Austin, Texas’ The Black Angels have been assembling a modern spin on psychedelic rock since 2004. By channeling a hybrid of Velvet Undergound psych pop, Black Sabbath proto metal and Blue Cheer’s heavy blues they have lead a charge to nurture a psych community by helping to found and curate Austin Psych Fest, a four day music and arts festival dedicated to all things psychedelic.
Their recorded efforts have demonstrated a commitment to an assertive, dense, and kaleidoscopic worldview. While Indigo Meadow stays firmly rooted in these stylistic conventions it also offers some nuanced texture. By downsizing to a four piece the band has granted greater influence to producer and live mixer John Cagelton, resulting in a vibrant, compelling album with fresh production clout.

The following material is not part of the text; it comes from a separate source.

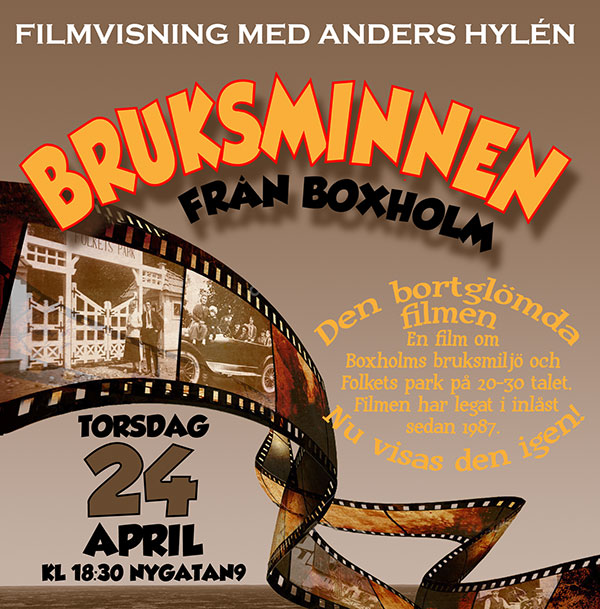 BRUKSMINNEN från Boxholm<br>Filmvisning med Anders Hylén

The title track plays as theme song, filled with swirling organ atmosphere and Alex Mass’ weighty incantation of “always indigo”. Menacing and heavy on “Evil Things”, instrumentation is wound tightly and playing direct. The Angels’ strength lays in their ability to remain compact in their power, offering less musical sprawl then many of their contemporaries. As a whole the album flaunts this ability to burn with torrential intensity yet maintain Velvet Underground pop sensibility. The substantial mass of Christian Bland’s dark, distorted power chords overlay crisp drumming from Stephanie Bailey and precise, linear bass work from Mass and Kyle Hunt. “Don’t Play with Guns” is fierce, fiery and ominous but “Holland” and “Twisted Light” shift the color palette, exuding thick shadows that lean and lurk with tight organ and guitar exploration. “You’re Mine”, “Love Me Forever” and “The Day” highlight a power blues and psych pop side.
The Angels excel most at quickly creating a heavy mood. With the brooding textures from Cagelton, Mass’ opaque and foreboding lyrics, and wickedly succinct instrumentation Indigo Meadow affirms and deepens a growing catalog of cavernous psych rock.